I felt so terrible, thinking of all the things I should have done, I should have called more often, I should have visited more often; maybe stay over a couple of days. Actually, I was planning on sleeping over at her place as soon as we came from vacation, we came Friday morning, and she left Friday night!
Whenever I was a bit distant and didn’t call for a while, then visit or call her ,she’d greet me as if I was travelling and came back and goes “ How was your journey?” smiling at me to make me feel at ease instead of going “Haven’t heard from you for a long time. “Or “why don’t you call, did you forget your grandma?”
She always talked to me about Karma , how when I was a baby, mum would drop me at Gran before going to work and She, Gran would feed me, change my diapers and play with me. Then, how now, that she’s old, I go and buy her groceries, and give her, her weekly injection, and run her some errands.
Grandma was the news center in the family. She always spread the word about everything, who’s ill, who did what in their exams, who’s pregnant, who’s moving to another house, who’s travelling, who’s coming,….I wonder now, if we will call each other more often, or will everyone be isolated and no one will know anything as if we were perfect strangers!

I was the only grandchild she babysat, so I was kind of special to her.
Grandma had 4boys and a girl, 13 grandchildren, and 3 great grandchildren!

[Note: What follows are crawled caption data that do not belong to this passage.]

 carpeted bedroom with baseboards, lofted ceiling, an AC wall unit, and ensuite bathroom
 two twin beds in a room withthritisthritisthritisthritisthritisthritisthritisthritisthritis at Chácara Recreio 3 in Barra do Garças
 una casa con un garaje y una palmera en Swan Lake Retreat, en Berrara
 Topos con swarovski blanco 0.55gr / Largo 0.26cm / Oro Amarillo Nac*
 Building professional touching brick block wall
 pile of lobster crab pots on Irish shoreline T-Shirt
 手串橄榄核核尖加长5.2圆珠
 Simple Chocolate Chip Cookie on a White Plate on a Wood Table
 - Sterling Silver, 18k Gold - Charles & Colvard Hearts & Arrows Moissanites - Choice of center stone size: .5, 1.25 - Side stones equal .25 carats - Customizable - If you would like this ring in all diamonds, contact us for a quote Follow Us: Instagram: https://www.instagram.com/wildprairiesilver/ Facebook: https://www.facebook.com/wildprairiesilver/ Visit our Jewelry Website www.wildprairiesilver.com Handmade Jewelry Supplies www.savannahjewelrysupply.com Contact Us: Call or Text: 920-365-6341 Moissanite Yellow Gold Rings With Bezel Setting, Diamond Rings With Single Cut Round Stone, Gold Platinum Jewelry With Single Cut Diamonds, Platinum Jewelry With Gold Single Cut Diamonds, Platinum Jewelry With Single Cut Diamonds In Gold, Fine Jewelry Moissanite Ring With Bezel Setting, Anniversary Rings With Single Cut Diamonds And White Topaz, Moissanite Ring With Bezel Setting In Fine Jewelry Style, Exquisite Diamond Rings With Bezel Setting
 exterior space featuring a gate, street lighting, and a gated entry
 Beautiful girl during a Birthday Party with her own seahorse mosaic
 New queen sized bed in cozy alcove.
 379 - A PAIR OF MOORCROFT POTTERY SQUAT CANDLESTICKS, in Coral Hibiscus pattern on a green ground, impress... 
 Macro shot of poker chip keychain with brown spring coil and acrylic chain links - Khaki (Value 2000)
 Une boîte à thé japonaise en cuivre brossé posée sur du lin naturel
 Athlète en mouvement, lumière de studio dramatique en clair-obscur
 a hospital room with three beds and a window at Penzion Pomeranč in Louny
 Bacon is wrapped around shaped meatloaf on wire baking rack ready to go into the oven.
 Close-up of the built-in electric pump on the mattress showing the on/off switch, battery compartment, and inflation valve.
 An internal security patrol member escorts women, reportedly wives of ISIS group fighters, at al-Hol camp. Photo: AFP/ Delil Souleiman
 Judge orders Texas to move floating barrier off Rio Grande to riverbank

It was always great when we gathered at her place every Friday, and on special holidays…I’m not sure how that’s gonna happen now, I’m worrying everyone’s gonna get distant, and won’t bother to gather or meet, I really hope that won’t be the case.
Coincidently, Grandpa passed away at about the same time she did, a few days away from the holy month of Ramadan, but that was 6 years ago. So now their house is empty, feels kinda weird!